Are OS's generaly suppose to use PCore first then thred onward to the HT/LCore or is just random and depend on the programming/er?
That's a good question. With HT each physical core has 2 threads** which are seen as logical CPUs. Both threads are equal and it shouldn't matter which of the two threads you run on performance wise. A performance hit can however come from running on both threads of the same physical core at the same time.
Here's some results with an i7-860 with HT enabled and W7HP64. Balanced power plan used.
4 physical cores ( Core 0 to Core 3 ) each with 2 threads.
1) This is the usual run of Linx using 8 threads, 33GFlops. Core parking is enabled and defaults mean at least one thread per physical core should be active.

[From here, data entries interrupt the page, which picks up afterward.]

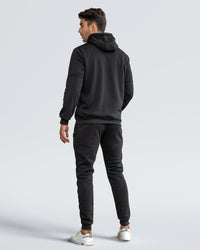 Back view of a model wearing a black hooded tracksuit with ribbed hem and cuffs 21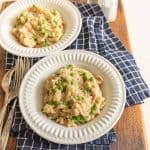 instant pot chicken and rice in white bowls on blue and white towel on cutting board with silverware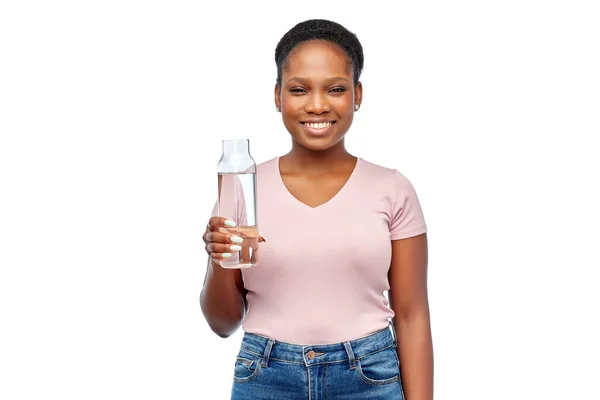 Felice donna africana beve acqua dalla bottiglia di vetro — Foto Stock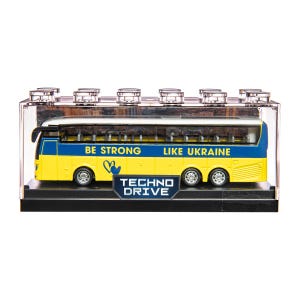 May include: A yellow and blue toy bus with the text "BE STRONG LIKE UKRAINE" and "TECHNO DRIVE". The bus is in a clear display case with a black base. The bus has four sets of wheels.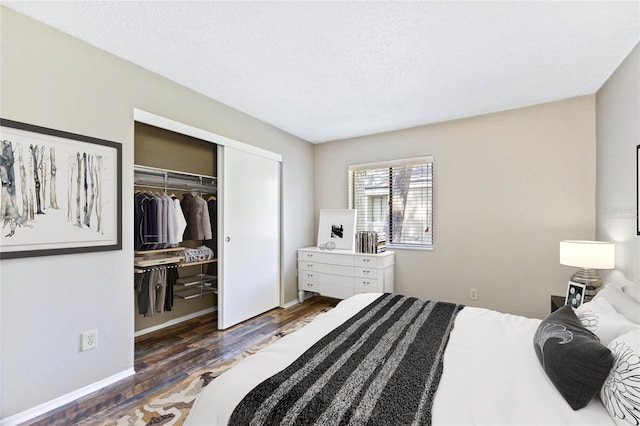 bedroom featuring a closet, dark hardwood / wood-style flooring, and a textured ceiling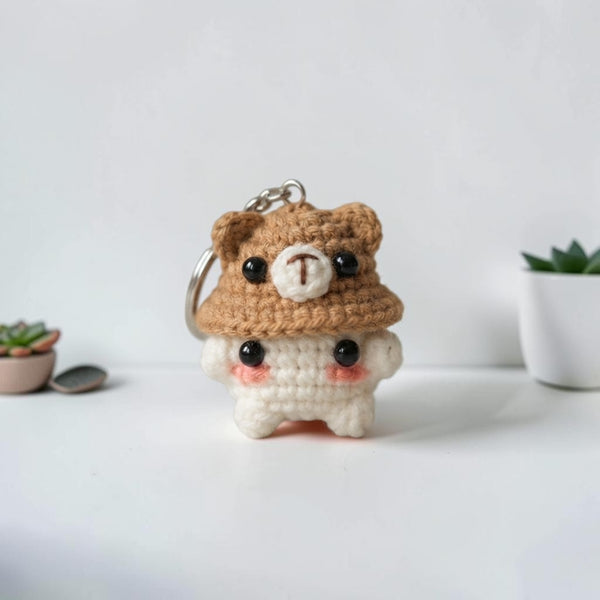 Handcrafted crochet bear keychain in brown and white, featuring cute eyes and a hat, perfect for personalizing your keys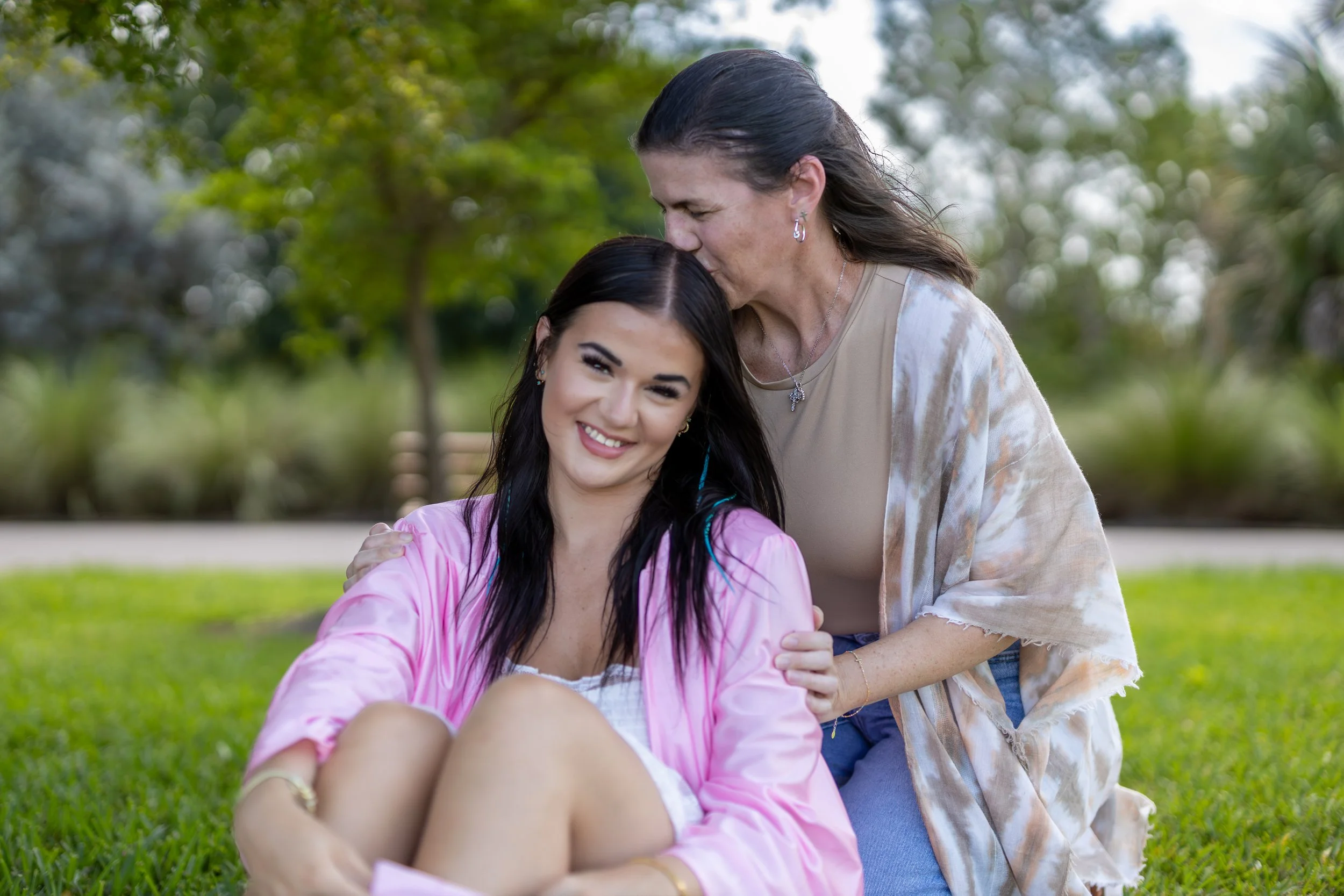 A young woman in a pink jacket sitting on grass, smiling, with an older woman standing behind her, kissing her forehead, in a park with trees and green grass.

This has the effect of the first 4 software threads usually being assigned to different physical cores unless the logical cores are considered overloaded.
2) Linx is set to use 4 threads and because affinity is set to "all", the OS gets to choose which logical CPUs they will run on. They may swap threads when context switching occurs. Well in my case the scheduling didn't go too well with the software threads running mainly on just physical core 0 and core 1 and a little on core 3. Result, 24-28GFlops.
3) Still using 4 threads, affinity has been set to use 1 thread per physical core. This gives a much better result, 37GFlops.
4) Now there seems to be a bug with the core parking algo'. Selecting affinity of the 4 parked cores results in only one thread being un-parked and used resulting in terrible performance. BTW I did not disable turbo for these tests so that 1 core was probably using 26x multi against 4 cores using 22x. I should redo it with fixed multi. Naah, I'm not that keen.
So in my case I guess the answer to your question would be errm... yes, to everything lol !
** Possibly more than 2 threads per physical core may become available in the future.